■ **Recorded information**
------------------------------------------------
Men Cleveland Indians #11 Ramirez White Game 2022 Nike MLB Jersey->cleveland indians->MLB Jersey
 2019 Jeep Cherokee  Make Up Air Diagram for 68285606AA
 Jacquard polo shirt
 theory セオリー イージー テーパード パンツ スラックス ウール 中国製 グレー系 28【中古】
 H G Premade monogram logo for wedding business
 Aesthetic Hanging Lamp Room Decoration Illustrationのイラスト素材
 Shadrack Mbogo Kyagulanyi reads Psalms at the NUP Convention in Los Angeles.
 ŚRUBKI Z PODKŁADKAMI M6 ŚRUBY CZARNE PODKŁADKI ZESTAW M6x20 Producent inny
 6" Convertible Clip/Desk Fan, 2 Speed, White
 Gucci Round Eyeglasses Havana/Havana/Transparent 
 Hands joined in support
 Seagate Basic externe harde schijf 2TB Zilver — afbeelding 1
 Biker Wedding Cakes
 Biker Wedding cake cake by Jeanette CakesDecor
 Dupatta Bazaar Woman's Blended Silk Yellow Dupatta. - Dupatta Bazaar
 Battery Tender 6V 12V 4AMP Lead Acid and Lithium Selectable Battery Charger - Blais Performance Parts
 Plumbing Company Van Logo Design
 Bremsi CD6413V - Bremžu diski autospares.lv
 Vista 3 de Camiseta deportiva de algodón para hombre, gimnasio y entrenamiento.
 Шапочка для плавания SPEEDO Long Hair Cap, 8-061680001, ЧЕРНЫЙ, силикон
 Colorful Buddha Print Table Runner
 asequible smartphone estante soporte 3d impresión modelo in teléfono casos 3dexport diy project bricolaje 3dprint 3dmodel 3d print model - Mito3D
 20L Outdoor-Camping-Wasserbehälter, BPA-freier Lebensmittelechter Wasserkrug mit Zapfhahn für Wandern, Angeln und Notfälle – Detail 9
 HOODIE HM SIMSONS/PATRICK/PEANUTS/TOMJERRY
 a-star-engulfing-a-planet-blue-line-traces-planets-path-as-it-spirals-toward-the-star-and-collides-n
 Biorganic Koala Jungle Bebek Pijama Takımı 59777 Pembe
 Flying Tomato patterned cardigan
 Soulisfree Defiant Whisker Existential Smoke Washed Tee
------------------------------------------------
■ **Exercise goal**
Each line above must be retyped exactly.

■ **Response to this task**
Men Cleveland Indians #11 Ramirez White Game 2022 Nike MLB Jersey->cleveland indians->MLB Jersey
 2019 Jeep Cherokee  Make Up Air Diagram for 68285606AA
 Jacquard polo shirt
 theory セオリー イージー テーパード パンツ スラックス ウール 中国製 グレー系 28【中古】
 H G Premade monogram logo for wedding business
 Aesthetic Hanging Lamp Room Decoration Illustrationのイラスト素材
 Shadrack Mbogo Kyagulanyi reads Psalms at the NUP Convention in Los Angeles.
 ŚRUBKI Z PODKŁADKAMI M6 ŚRUBY CZARNE PODKŁADKI ZESTAW M6x20 Producent inny
 6" Convertible Clip/Desk Fan, 2 Speed, White
 Gucci Round Eyeglasses Havana/Havana/Transparent 
 Hands joined in support
 Seagate Basic externe harde schijf 2TB Zilver — afbeelding 1
 Biker Wedding Cakes
 Biker Wedding cake cake by Jeanette CakesDecor
 Dupatta Bazaar Woman's Blended Silk Yellow Dupatta. - Dupatta Bazaar
 Battery Tender 6V 12V 4AMP Lead Acid and Lithium Selectable Battery Charger - Blais Performance Parts
 Plumbing Company Van Logo Design
 Bremsi CD6413V - Bremžu diski autospares.lv
 Vista 3 de Camiseta deportiva de algodón para hombre, gimnasio y entrenamiento.
 Шапочка для плавания SPEEDO Long Hair Cap, 8-061680001, ЧЕРНЫЙ, силикон
 Colorful Buddha Print Table Runner
 asequible smartphone estante soporte 3d impresión modelo in teléfono casos 3dexport diy project bricolaje 3dprint 3dmodel 3d print model - Mito3D
 20L Outdoor-Camping-Wasserbehälter, BPA-freier Lebensmittelechter Wasserkrug mit Zapfhahn für Wandern, Angeln und Notfälle – Detail 9
 HOODIE HM SIMSONS/PATRICK/PEANUTS/TOMJERRY
 a-star-engulfing-a-planet-blue-line-traces-planets-path-as-it-spirals-toward-the-star-and-collides-n
 Biorganic Koala Jungle Bebek Pijama Takımı 59777 Pembe
 Flying Tomato patterned cardigan
 Soulisfree Defiant Whisker Existential Smoke Washed Tee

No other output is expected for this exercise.